### Information
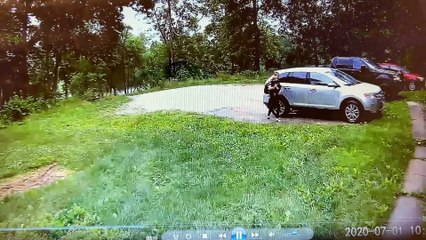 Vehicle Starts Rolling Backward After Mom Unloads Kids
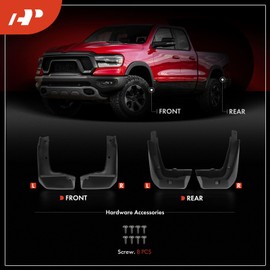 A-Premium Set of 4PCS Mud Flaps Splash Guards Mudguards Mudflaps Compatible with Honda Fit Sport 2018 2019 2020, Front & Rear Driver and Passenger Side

* * *

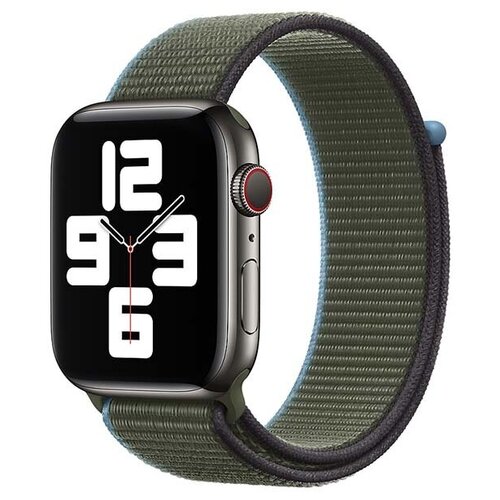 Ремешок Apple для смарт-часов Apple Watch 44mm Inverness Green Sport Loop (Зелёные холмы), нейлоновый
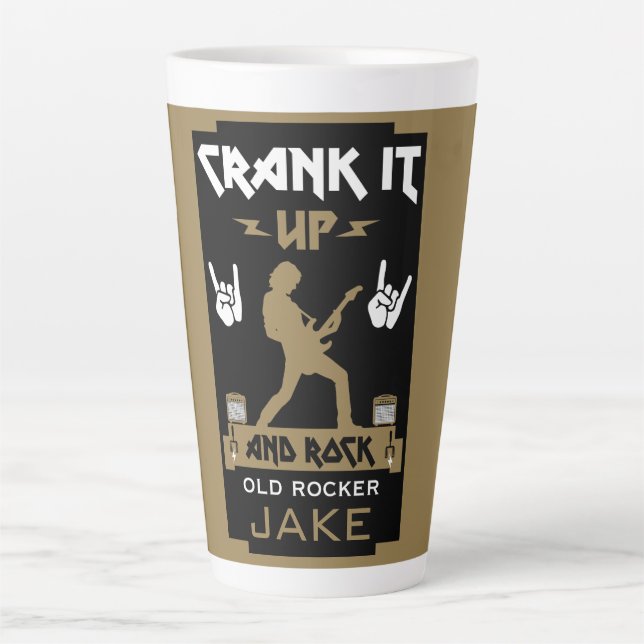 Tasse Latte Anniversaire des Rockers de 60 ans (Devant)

### Brief
Return the material from the line containing "Vehicle Starts Rolling" through the line containing "A-Premium Set of", exactly and in full, but without its pictures.

### Answer to the exercise
 Vehicle Starts Rolling Backward After Mom Unloads Kids
 A-Premium Set of 4PCS Mud Flaps Splash Guards Mudguards Mudflaps Compatible with Honda Fit Sport 2018 2019 2020, Front & Rear Driver and Passenger Side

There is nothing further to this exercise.